* **Task directions**:
Return all the entries below exactly, except for the images they hold.
-- Opening Marker --
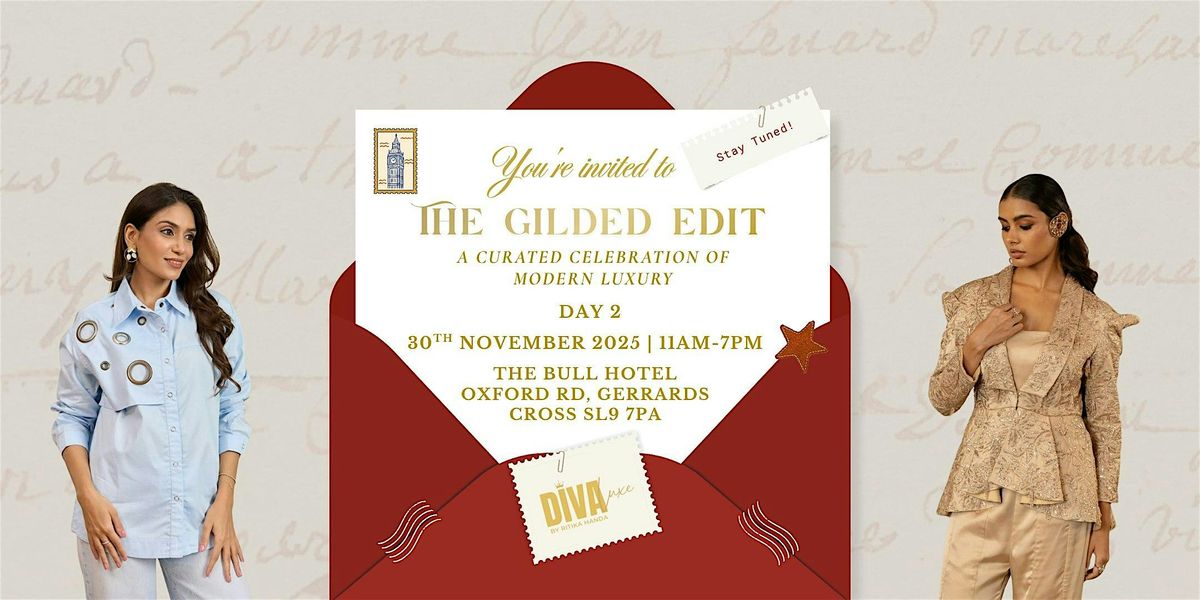 The Gilded Edit - Day 2, 30 November | Event in Gerrards Cross | AllEvents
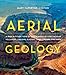 Algopix Similar Product 11 - Aerial Geology A HighAltitude Tour of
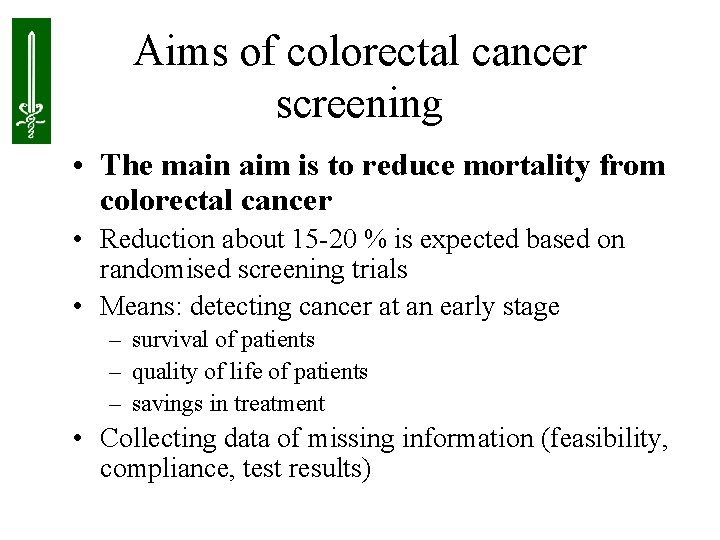 Aims of colorectal cancer screening • The main aim is to reduce mortality from
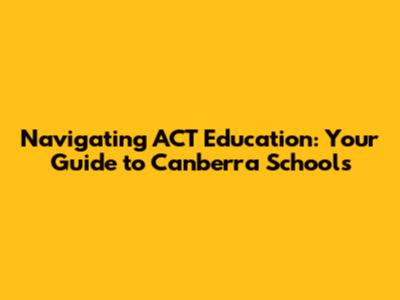 Navigating ACT Education: Your Guide to Canberra Schools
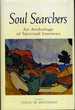 Soul Searchers an Anthology of Spiritual Journeys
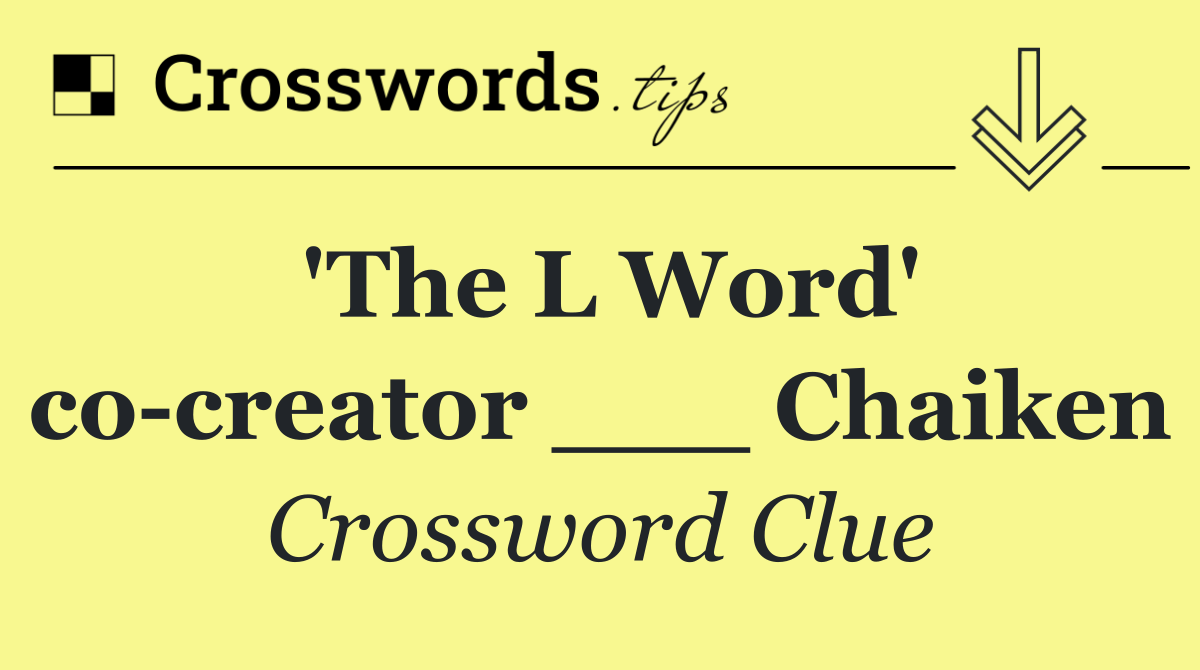 'The L Word' co creator ___ Chaiken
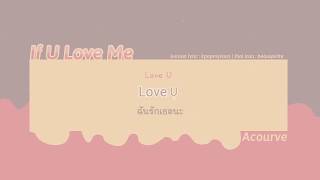 [KARA\THAISUB] Acourve - If U Love Me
-- Closing Marker --
* **Task result**:
 The Gilded Edit - Day 2, 30 November | Event in Gerrards Cross | AllEvents
 Algopix Similar Product 11 - Aerial Geology A HighAltitude Tour of
 Aims of colorectal cancer screening • The main aim is to reduce mortality from
 Navigating ACT Education: Your Guide to Canberra Schools
 Soul Searchers an Anthology of Spiritual Journeys
 'The L Word' co creator ___ Chaiken
 [KARA\THAISUB] Acourve - If U Love Me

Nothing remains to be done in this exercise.